Electrochemical Measurement Cell
The measurement cell is an essential part of electrochemical experiments. The components of the cell are the working electrode, where the reactions of interest take place, the reference electrode, a standard half-cell to provide the voltage reference point, and the counter or auxiliary electrode that completes the circuit to allow current to pass through the cell. The cell can be as simple as a glass beaker with three electrodes suspended in an electrolyte solution. The solution in the cell can be a mixture of an electrolyte salt and the electroactive compound of interest. In some cases, these are one and the same. (Schematic of an electrochemical cell)
Components of the Electrochemical Cell
Working Electrode (WE)
The Working electrode is the electrode where the electrochemical reactions are studied. When studying solution electroactive species, the working electrode should be made of an inert material that does not undergo significant chemical or structural changes during the measurement. Examples of suitable electrodes are platinum, gold, or glassy carbon.
Reference Electrode (RE)
The Reference electrode is the electrode with a fixed, known potential, against which the applied potential is measured. The characteristics of the reference electrode are that it should be stable during the measurement and allow for the focus to be on changes at the working or sample electrode.
Counter (or Auxiliary) Electrode (CE)
The counter or auxiliary electrode completes the circuit and allows current to flow into the cell for the electrochemical reaction of interest. It should also be composed of an inert material with a larger area than the working electrode. A larger area is ideal, although not required, to minimize the voltage drop at the counter electrode. Examples of counter electrodes are coiled platinum wires or platinum gauzes.

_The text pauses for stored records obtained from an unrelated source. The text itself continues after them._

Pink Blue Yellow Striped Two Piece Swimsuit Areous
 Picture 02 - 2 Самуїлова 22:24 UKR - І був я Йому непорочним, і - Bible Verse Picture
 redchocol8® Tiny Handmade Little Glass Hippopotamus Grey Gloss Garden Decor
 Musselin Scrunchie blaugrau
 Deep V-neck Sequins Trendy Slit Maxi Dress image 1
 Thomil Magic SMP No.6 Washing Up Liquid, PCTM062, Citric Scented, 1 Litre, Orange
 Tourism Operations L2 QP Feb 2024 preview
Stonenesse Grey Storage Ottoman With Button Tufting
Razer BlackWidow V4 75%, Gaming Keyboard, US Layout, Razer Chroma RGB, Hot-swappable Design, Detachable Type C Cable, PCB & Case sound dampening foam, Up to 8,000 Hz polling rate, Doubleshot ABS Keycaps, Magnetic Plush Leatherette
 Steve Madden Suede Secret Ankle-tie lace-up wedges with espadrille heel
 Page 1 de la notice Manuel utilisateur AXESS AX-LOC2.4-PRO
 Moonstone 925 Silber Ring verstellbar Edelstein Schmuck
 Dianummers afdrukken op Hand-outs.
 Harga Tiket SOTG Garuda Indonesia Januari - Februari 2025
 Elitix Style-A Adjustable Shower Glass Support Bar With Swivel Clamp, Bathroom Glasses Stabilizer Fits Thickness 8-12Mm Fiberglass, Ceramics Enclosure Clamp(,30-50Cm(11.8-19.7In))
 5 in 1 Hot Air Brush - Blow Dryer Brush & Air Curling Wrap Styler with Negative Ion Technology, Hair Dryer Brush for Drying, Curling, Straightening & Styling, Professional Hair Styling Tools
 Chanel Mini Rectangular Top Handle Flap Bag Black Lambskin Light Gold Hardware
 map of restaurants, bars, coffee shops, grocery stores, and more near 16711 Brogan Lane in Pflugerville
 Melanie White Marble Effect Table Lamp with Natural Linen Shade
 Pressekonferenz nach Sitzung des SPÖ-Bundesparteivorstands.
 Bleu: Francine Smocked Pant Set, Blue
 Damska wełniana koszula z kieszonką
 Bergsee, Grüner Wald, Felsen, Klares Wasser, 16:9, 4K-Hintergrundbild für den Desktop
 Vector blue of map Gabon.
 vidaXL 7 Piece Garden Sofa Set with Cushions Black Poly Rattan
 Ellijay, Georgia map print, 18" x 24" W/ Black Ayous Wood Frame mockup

The electrolyte solution used in experiments is an important component of the electrochemical system. The electrolyte solution consists of several ingredients, including the electrolyte salt and the solvent. The ideal properties of the electrolyte solution are chemical and electrochemical inertness in the proposed experiment, with good conductivity.
The modes of transport of the reactants in an electrochemical cell are diffusion, migration, and convection. To simplify the understanding of the electrochemical system, migration, and convection are undesirable and should be mitigated. Migration is mitigated by having a high concentration of electrolyte salt relative to the reactant, and convection is mitigated by controlling the experimental timescale as well as eliminating stirring and vibrations.
Physical electrochemistry is a branch of electrochemistry that focuses on the study of the fundamental physical principles underlying electrochemical processes. It deals with the relationship between electrical and chemical phenomena, providing insights into the mechanisms, kinetics, and thermodynamics of reactions occurring at the interfaces between conductive materials and electrolytes.
An understanding of the behavior of the electrode-electrolyte interface is fundamental as this is where charge transfer and mass transport interplay. This interplay governs electrochemical reactions, and it is crucial to elucidate the factors affecting the structure and composition of the interface to improve electrochemical processes. In particular, both the electrochemical kinetics and thermodynamics yield information about the speed and direction of electrochemical reactions through an understanding of the Butler-Volmer relationship, and the Nernst equation, respectively.
Physical electrochemistry has numerous practical applications, including battery and fuel cell development, electroplating, sensor technology, and electrochemical machining.